The initial ADSL offering was from AT&T and worked by dividing the spectrum available on the local loop, which
is about 1.1 MHz, into three frequency bands:
POTS (Plain Old Telephone Service) upstream (user to end office)
and downstream (end office to user). The technique of having multiple frequency bands is called frequency
division multiplexing; we will study it in detail in a later section. Subsequent offerings from other providers have
taken a different approach, and it appears this one is likely to win out, so we will describe it below.

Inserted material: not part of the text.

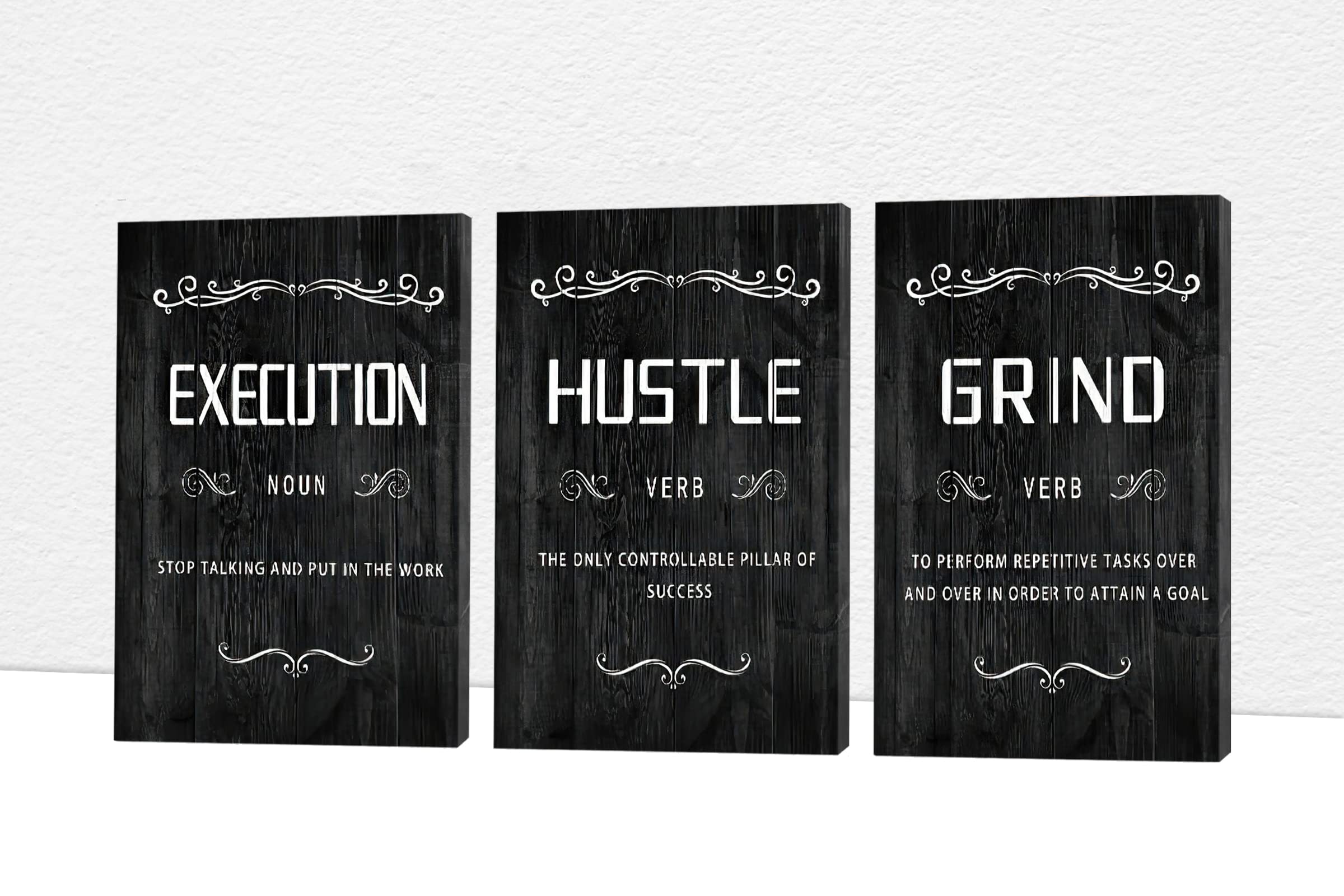 3-Panel Motivational Canvas Wall Art - Grind Hustle Execution Inspirational Quotes for Office & Home Decor (24”x36”x3Pcs) - Perfect for Workplace, Study Room & Living Room Wall Decoration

The alternative approach, called
DMT (Discrete MultiTone), is illustrated in Fig. 2-28. In effect, what it does is
divide the available 1.1 MHz spectrum on the local loop into 256 independent channels of 4312.5 Hz each.
Channel 0 is used for POTS. Channels 1–5 are not used, to keep the voice signal and data signals from
interfering with each other. Of the remaining 250 channels, one is used for upstream control and one is used for
downstream control. The rest are available for user data.
Figure 2-28. Operation of ADSL using discrete multitone modulation.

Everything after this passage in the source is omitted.